I am, as you well know by now, a Christian — specifically, I am an Episcopalian, though I haven’t stepped into an Episcopal church since the Before Times. Thus, I do believe in an afterlife. I differ from many Christians in that I make no belief statements about what that afterlife might be like. Is it spending an eternity in the presence of God, just soaking up their infinite glory (yes, I use they/them pronouns for God, since I believe God transcends gender)? Is it just like life on Earth, except you get to hang out with the likes of Socrates and Einstein? I don’t know. Frankly, I think it’s beyond the comprehension of us living human beings. It’s trite, but I like to think of the process of dying as similar to the process of being born: when we are developing in the womb, we have no idea what life will be like on Earth. Similarly, as we are developing on Earth, we have no idea what the next stage of our existence will be.
If there is a Heaven, then I think everyone will be surprised by who else makes it there. Except I’m not sure there IS a Heaven or a Hell. Again: I don’t know what the afterlife is like. Jesus hinted that there might be a physical resurrection, but I don’t know how to interpret that.
We’re not granted much time here in Earth. We are born, we live for a few decades, possibly a century at best, and then we pass on. Personally, I don’t think that we can gain a whole lot of wisdom in that period of time. We can talk all we like about how older people are wise for their years, but if we all meet a maximum of wisdom over our lifetime, we’d all be more alike. Instead, everyone is wise in their own ways. What kind of wisdom would we gain if we lived to be two hundred years old? Or five hundred? Or a thousand?
Okay, maybe that doesn’t make any sense. Eh, I’ll leave it in.
Of course, you don’t have to be old to be wise. Young children have their own wisdom to share. Adolescents do as well. It simply behooves us to pay attention and listen to what they have to say. Wisdom is wisdom, no matter where you find it.
The third Jumanji film, Welcome to the Jungle, is a fun film to watch. Dwayne Johnson, Karen Gillian, and the rest are a delight, and so is Danny DeVito.
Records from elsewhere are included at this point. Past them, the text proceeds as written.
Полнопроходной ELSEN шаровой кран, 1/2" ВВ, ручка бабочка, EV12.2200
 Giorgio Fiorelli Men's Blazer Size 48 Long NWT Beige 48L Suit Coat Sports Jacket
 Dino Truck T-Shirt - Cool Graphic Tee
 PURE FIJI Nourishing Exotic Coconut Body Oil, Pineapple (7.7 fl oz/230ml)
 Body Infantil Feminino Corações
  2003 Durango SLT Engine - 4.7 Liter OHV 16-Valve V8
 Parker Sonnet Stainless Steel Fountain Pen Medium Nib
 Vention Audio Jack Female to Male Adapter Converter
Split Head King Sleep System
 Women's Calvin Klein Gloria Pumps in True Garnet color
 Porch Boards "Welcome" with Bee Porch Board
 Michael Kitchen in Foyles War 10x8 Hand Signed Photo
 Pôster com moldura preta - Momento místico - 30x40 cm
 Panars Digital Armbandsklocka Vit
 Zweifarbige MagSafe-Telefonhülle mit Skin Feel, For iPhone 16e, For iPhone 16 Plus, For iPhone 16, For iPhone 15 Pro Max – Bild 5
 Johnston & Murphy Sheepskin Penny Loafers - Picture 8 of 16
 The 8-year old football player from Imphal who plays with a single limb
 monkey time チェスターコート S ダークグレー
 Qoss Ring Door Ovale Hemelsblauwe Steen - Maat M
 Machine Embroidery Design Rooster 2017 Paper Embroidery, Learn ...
In the beginning of the film, Danny DeVito, whose character journey is, I think, the heart of it, states, “Being old is a curse”. At the end, after all his life-and-death adventures and building up his relationships with his friends and family members, he changes his tune: “Being old is a blessing.”
Me, I’m currently five-five years old. I don’t consider myself “old”, though I suppose by some measures I am. I don’t think of my age as a curse, even as my body self-sabotages itself occasionally and close friends and family members pass on. I like to think that as I do get older and become a wizened old man, I will gain some wisdom, and be more like Danny DeVito at the end of the film. Life is a blessing, Old age is a blessing. Death itself, for whatever reason, might be a blessing.
We’re not given a whole lot of time on this tiny Earth. The time we have we should spend listening to others, being kind to them, caring for them and this precious Earth that we find ourselves on.